Sinergi antara pers dan divisi hubungan masyarakat (humas) suatu organisasi berperan penting dalam menyajikan berita yang informatif dan akurat kepada masyarakat. Dengan kolaborasi yang erat, jurnalis dapat mengandalkan humas untuk mendapatkan wawasan mendalam, sementara humas dapat memanfaatkan kekuatan media untuk menyampaikan pesan dengan lebih luas dan efektif. Di tengah era digital yang berkembang pesat, praktisi humas juga dituntut untuk lebih proaktif dalam membangun relasi yang baik dengan pihak media.
Guna memupuk rasa solidaritas antara pers dan humas, Universitas Indonesia (UI) melalui Biro Humas dan Keterbukaan Informasi Publik (KIP) UI mengadakan workshop untuk mendalami peran penting pers dan relasinya dengan humas. Kegiatan yang diselenggarakan pada Selasa (21/11) di Gedung Integrated Laboratory & Research Center (ILRC), Kampus UI, Depok tersebut diikuti oleh tim Biro Humas dan KIP UI serta perwakilan dari beberapa tim humas dari fakultas, sekolah pascasarjana dan program vokasi UI.
Dalam sambutannya, Kepala Biro Humas dan KIP UI, Dra.
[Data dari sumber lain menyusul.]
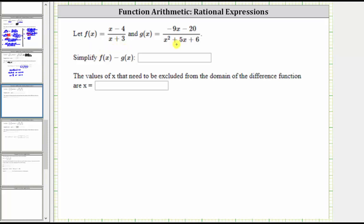We are given f of x and g of x, and asked to determine and simplify f of x minus g of x, which means we need to subtract these two rational expressions.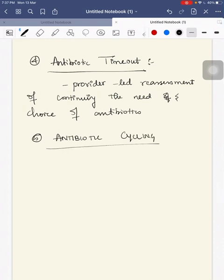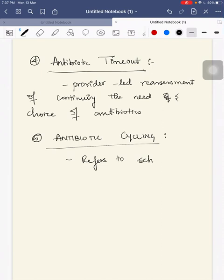Fifth is antibiotic cycling, which refers to a scheduled removal and substitution of a specific antimicrobial class, mainly based on culture sensitivity. For example, in a typhoid or enteric fever patient, after the febrile phase you switch to an oral drug that should be continued for at least seven days — that is a scheduled removal after seven days.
Amelita Lusia, M.Si. mengatakan, “Di UI, seluruh tim humas bekerja sama dalam membangun branding UI dan bersama-sama menjaga reputasi UI. Masih banyak hal untuk ditingkatkan, digali, dan dipelajari. Kegiatan hari ini tidak hanya berupa sharing, tetapi sifatnya juga dialog. Kami berharap apa yang disampaikan hari ini akan bermanfaat bagi kita semua.”
Workshop ini menghadirkan Asmono Wikan, S.Sos., M.I.Kom sebagai narasumber untuk membicarakan dinamika pers dan praktik relasi media. Saat ini, Asmono menjabat sebagai Chief Executive Officer (CEO) PR Indonesia Group dan merupakan anggota Dewan Pers. Menurut Asmono, 70 persen pekerjaan humas merupakan praktik media relation, baik dengan media konvensional atau media sosial. Oleh karena itu, praktisi humas harus merawat relasi dengan rekan pers karena media merupakan salah satu stakeholder penting.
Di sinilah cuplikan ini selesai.